Au Stade Malherbe, un club qui pourrait enregistrer les retours de prêt de trois éléments ayant évolué à ce niveau cette saison (Brice Tutu à Bastia, Marvin Golitin et Jad Mouaddib à Granville), on a déjà tranché. "A moins d'une opportunité, on repartira exactement avec le même groupe. Si l'aspect économique rentre, bien entendu, en ligne de compte, il est hors de question de recruter des joueurs de 22, 23 ou 24 ans pour accompagner nos garçons. Et je peux vous dire qu'hormis une ou deux exceptions, nous avons déjà nos 22-23 joueurs sous contrat", affirme le directeur Stéphane Nado. C'est donc sans aide extérieure que les jeunes pousses du SMC plongeront dans le grand bain du N2.
Avec un effectif quai-identique
A notre connaissance, le défenseur Thomas Chesnel est, à ce jour, le seul joueur de l'effectif de la réserve qui n'a pas été conservé par le Stade Malherbe.
Comme l'a indiqué Stéphane Nado, la réserve du Stade Malherbe, même promue en N2, devrait repartir avec un effectif quasi-identique.
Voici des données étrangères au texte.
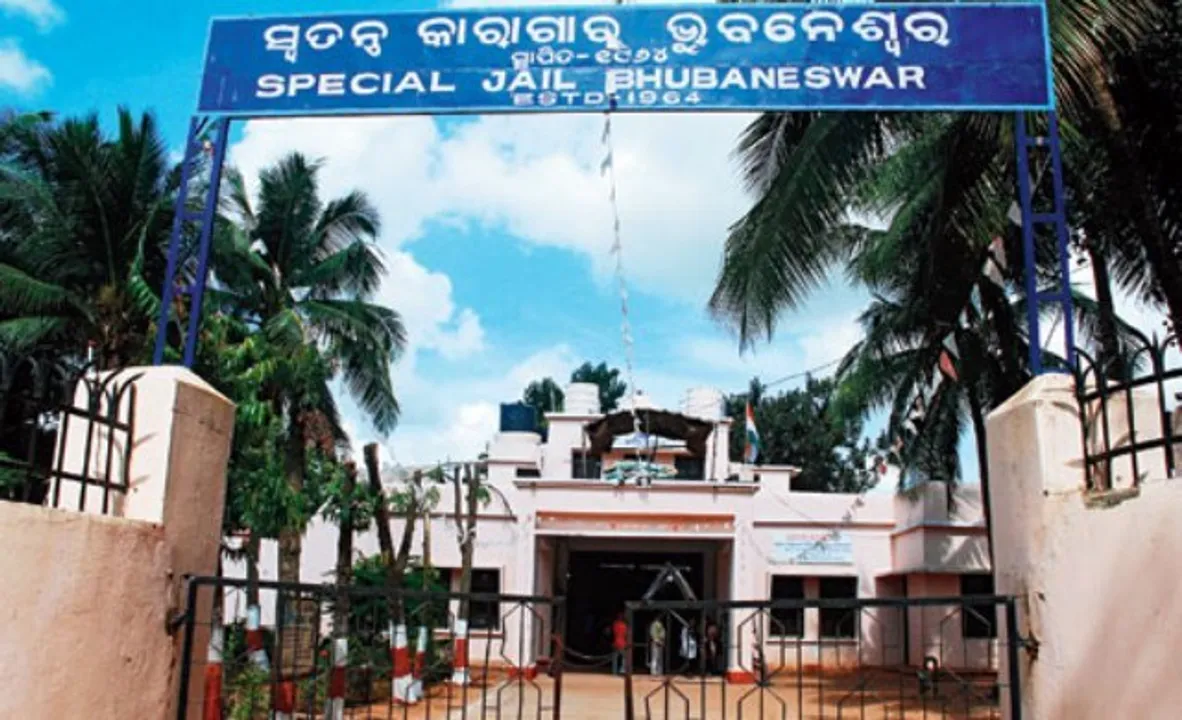  image source-odisha bytes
A ce jour, seul Thomas Chesnel (défenseur central), pisté par les Italiens de la Fiorentina il y a deux ans, n'a pas été conservé. Ayant signé un contrat amateur d'un an l'été dernier, le gardien Sullivan Péan, les défenseurs Corentin Cal et Tony Villeray pourraient prolonger l'aventure sous le maillot « Rouge et Bleu ». D'ailleurs, certains jeunes pourraient être intégrés définitivement à l'effectif « pro » (Tony Villeray ? Loup Hervieu ?). Sinon, à l'exception du milieu Yaya Touré, tous les autres joueurs de l'équipe « B » sont encore liés avec le SMC :
> Théo Barré, Allan Bidard, Pierrick Mouniama et Luca Boudonnet (tous les quatre sous contrat stagiaire) jusqu'en 2021,
> Andréas Hountondji, Robin Legendre, Ilyes Najim, Alexis Beka Beka* (tous les quatre sous contrat stagiaire) jusqu'en 2022. Le gardien Yassine Gueddar et le Suédois Zeidane Inoussa disposent également d'un contrat stagiaire dont la durée n'a pas été communiquée,
> Pathy Malumandsoko, Loup Hervieu, Godson Kyeremeh, Aloys Fouda et Stephen Ewangue (tous les cinq sous contrat élite) jusqu'en 2023,
> Johann Lepenant, Kélian Nsona et Ayoub Jabbari (tous les trois sous contrat professionnel) jusqu'en 2022 pour les deux premiers, jusqu'en 2023 pour le dernier cité.
*Avant le confinement, la direction du Stade Malherbe avait entamé des négociations pour faire parapher son premier contrat professionnel à Alexis Beka Beka (cinq apparitions dont trois comme titulaire en L2).